The following post is technical in nature. Skip it if you aren't into understanding electronics.
Lad, two corrections to your post.
First, a typical LED's maximum reverse voltage is about 5V, not 50V.
This data sheet for a typical LED illustrates this point. This is why we should provide a means to keep the reverse voltage low.
Second (and unimportant in this discussion), a conventional silicon diode typically drops closer to 1.0V at full load. The commonly mentioned .7V value is only appropriate when the diode is lightly loaded.
In addition (but seldom mentioned), the reverse voltage across an LED that is in series with a diode is not necessarily zero volts. The diode does not block all of the reverse voltage. Both the LED and the diode are reversed biased, and in this state they act as capacitors that are connected in series. The voltage divides INVERSELY according to the capacitances. If the 1N4007 has a larger capacitance than the LED, more reverse voltage will appear across the LED than the diode!
For the LED data sheet referenced above, the LED's capacitance at zero volts is typically 45 pF. The 1N4007 datasheet shows 15 pF for the diode at 4V reverse voltage.

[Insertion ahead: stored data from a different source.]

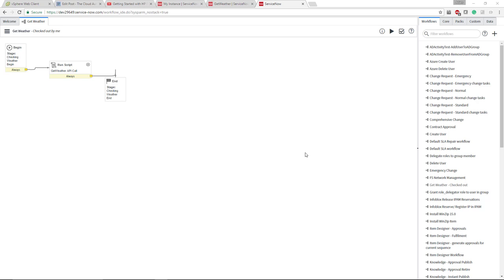Hey there, thanks for checking out my video. This is Adam with The Cloud Automation Blog. In this video, I'm going to be going over ServiceNow Orchestration.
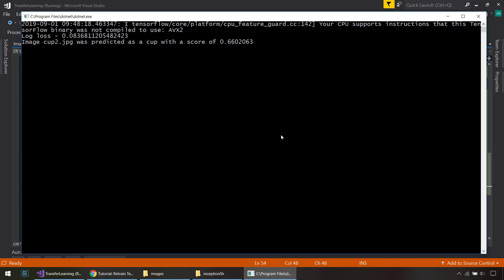That's how you can use a pre-trained TensorFlow model inside ML.NET to basically use transfer learning to create your own model to do image classification. Thanks for watching. And we'll see you next time.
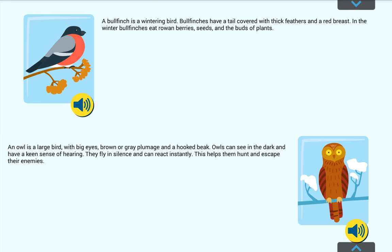In winter some birds fly to warmer climates. They are called migratory birds. Others stay for the winter and are called wintering birds. Let's look at some wintering birds. A bullfinch is a wintering bird. Bullfinches have a tail covered with thick feathers and a red breast. In the winter bullfinches eat rowan berries, seeds and the buds of plants.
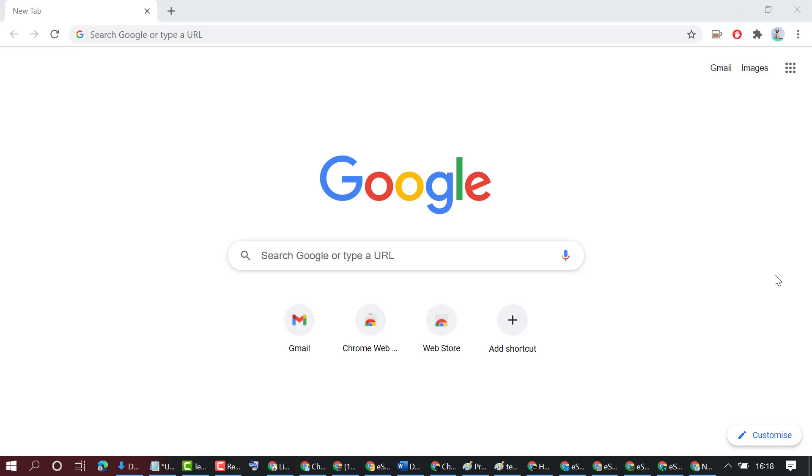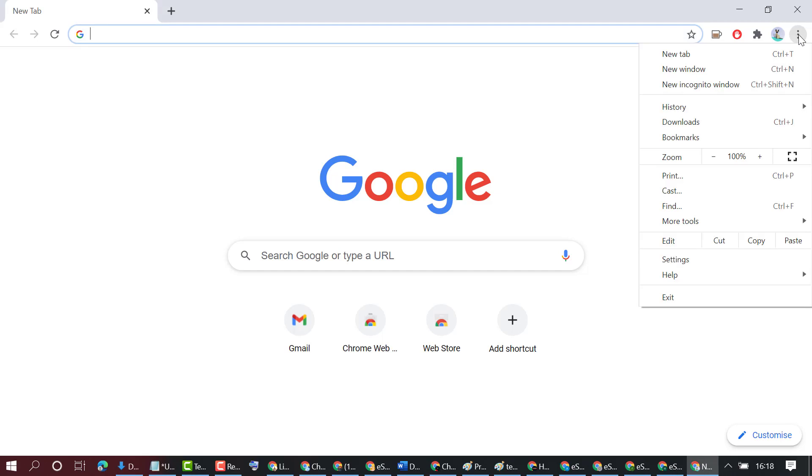In this video, I'm going to show you how to clear cache on your Chrome browser. So firstly, open Chrome browser, then click on these three dots.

That would indicate that if we had 25V reverse voltage across the diode and LED (rectified 18V AC), the diode would have about 19V drop and the LED 6V.

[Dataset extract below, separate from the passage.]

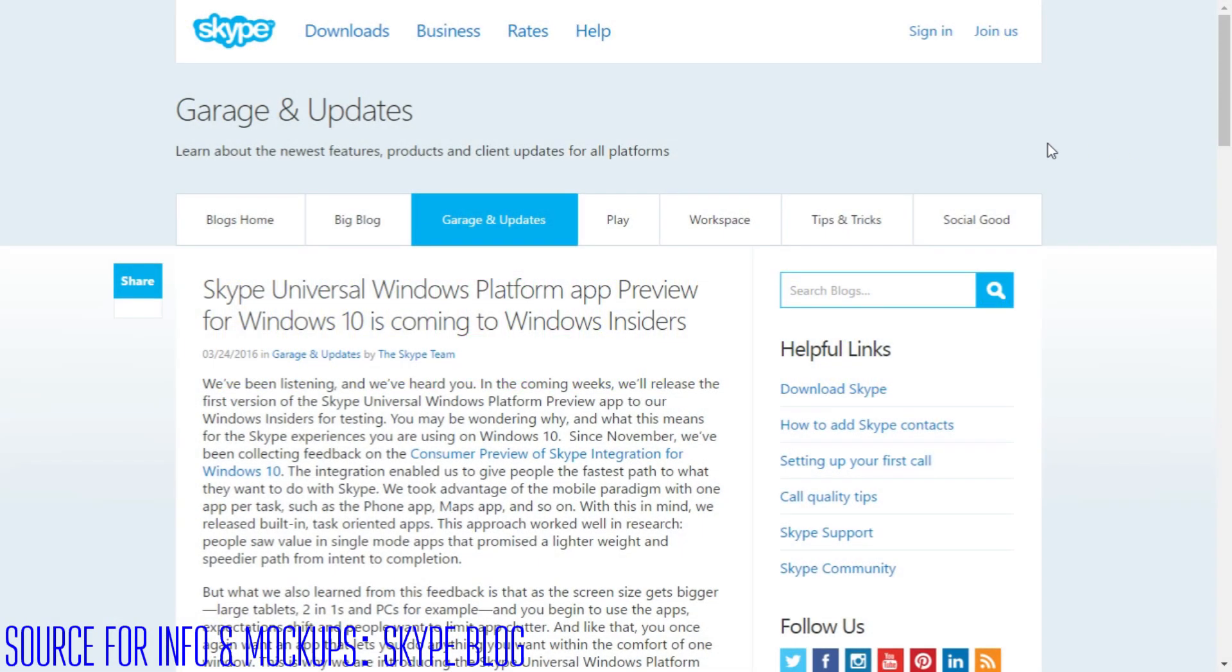Hey guys it's GameTekSuperShem back with another video and in this video I'll be going over a Skype Universal Windows app coming to Windows 10.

If we change the diode to a 1N914 or 1N4148 (common small-signal diodes) with a capacitance of 4 pF, the LED will now have only 2V reverse voltage!
(The voltages in my examples were in error. Corrected 1/5.)
CONCLUSION: An LED is actually better protected by using a reverse diode in parallel with the LED rather than in series. The downside is that the power dissipated by the resistor doubles. The back-to-back paralleled LEDs provide this same protection.